Because of the relationships with the people she has met, she wants to continue to go back and even when she can’t, she holds bake sales to raise money for them, Transition: It is my hope to motivate you to consider a mission trip for reasons other than just broadening your perspective or having altruistic feelings because there are some personal benefits in terms of your future. III. Mission trip experiences can benefit you personally in many ways. First, they will give you a competitive edge in the job market.
Gigi Starr of USA Today states, “Going to a foreign country for a volunteer experience is a huge boost on a resume. Employers love to see a person that can think outside the box and work past their comfort zone. The added benefits of teamwork, foreign language knowledge, and plain old hard work also add polish to the volunteer candidate. Since business now happens on a global scale, the volunteer is armed with useful, and potentially actionable, information”. Secondly, you will create new friendships with the people you went on the trip with as well as the people you met.
Jason Torrence from Mission Discovery believes, ‘When you combine teens, travel, and unfamiliar environments, your group will inevitably experience something random and unforeseen… Dealing with adversity as a group will strengthen them and make them more likely to support each other after they get back home. Adversity brought our group even closer when we landed in Monrovia, the capital of Liberia, on the day that ebola virus also arrived to that city. We were totally unprepared for this and it brought fear to our families and ourselves, so we became each other’s support system.
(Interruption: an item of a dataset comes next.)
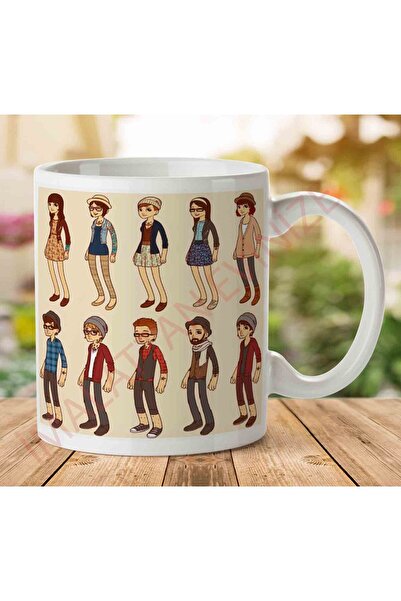 ART HEDİYE كوب مطبوع عليه وجهين من Hipster People.jpg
Going on a new adventure and having things in common with people that few others have like eating palm butter, watching out for Cassava snakes, and seeing little kids being scared of you in remote villages because they have never seen a white skinned person before, all contribute to establishing tight-knit friendships. 2. Not only did I draw closer with the people on the trip, but | established relationships with the people I met Despite the distance, friendships with Jesse, Francis, and Stephen have endured. Facebook, Instagram, and cell phones allow us to keep in contact. C. Finally, mission trips will strengthen your faith in God.
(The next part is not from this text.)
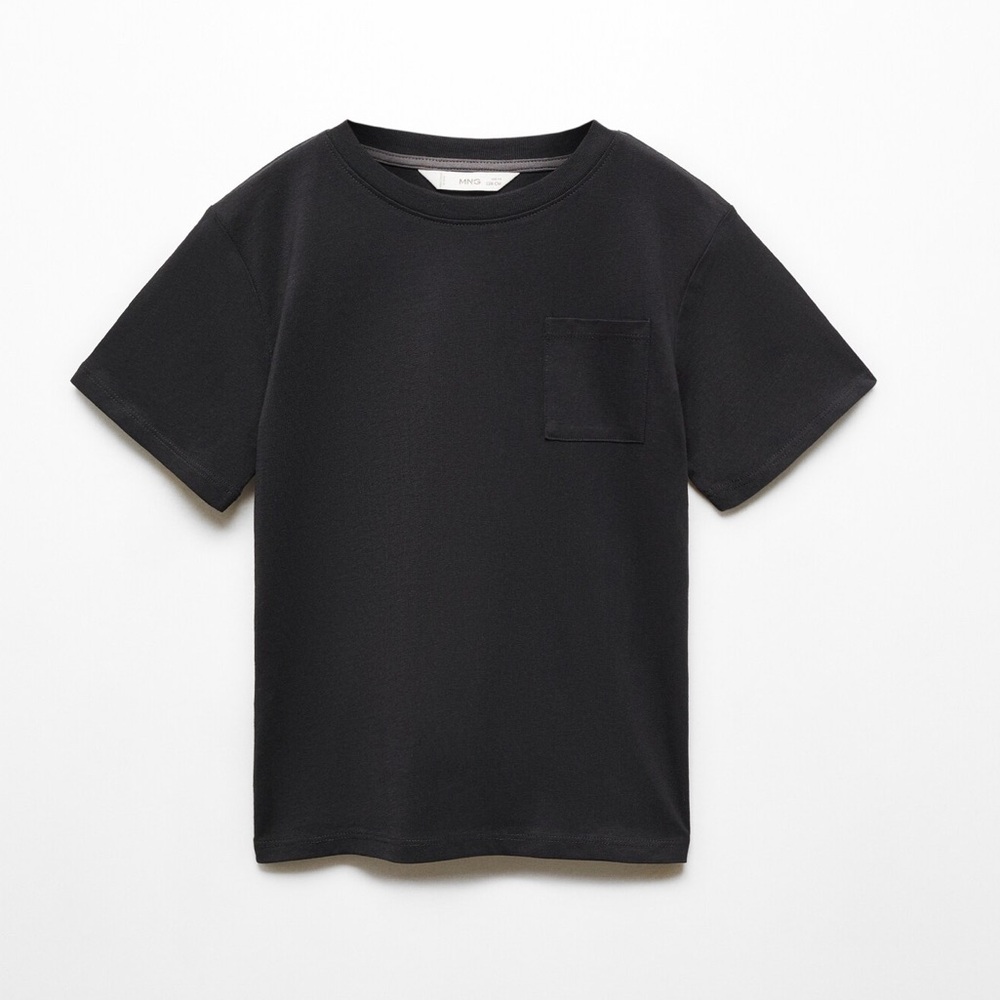 Zara Boys Black Pocket‎ T-Shirt 🖤👦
They help you see how blessed you are. You realize that “only but through the grace of God” do I live in a country where freedom is guaranteed, where prosperity is achievable with hard work, and where there is such abundance for so many. You see how much enthusiasm other cultures have for celebrating God’s word. This differs greatly from my church at home where people are checking their cell phones and watches when the service goes over 50 minutes. Here, people mumble their prayers or don’t sing because of insecurities or concerns about seeming too zealous. You will feel spiritually closer to God because you are doing his work.
Sharing what God has given you and the good news of his word, draws you closer to Him. Transition: I have now given you multiple reasons why a mission trip needs to be in your future! Conclusion: Volunteering abroad will broaden your perspective, gives you a chance to see the benefits of your donation, and will change your life forever by giving you a competitive edge in the job market, develop unique friendships, and strengthen your relationship with God. What other type of experience can do all that in less than a month? That is why I feel that all people should go on a mission trip.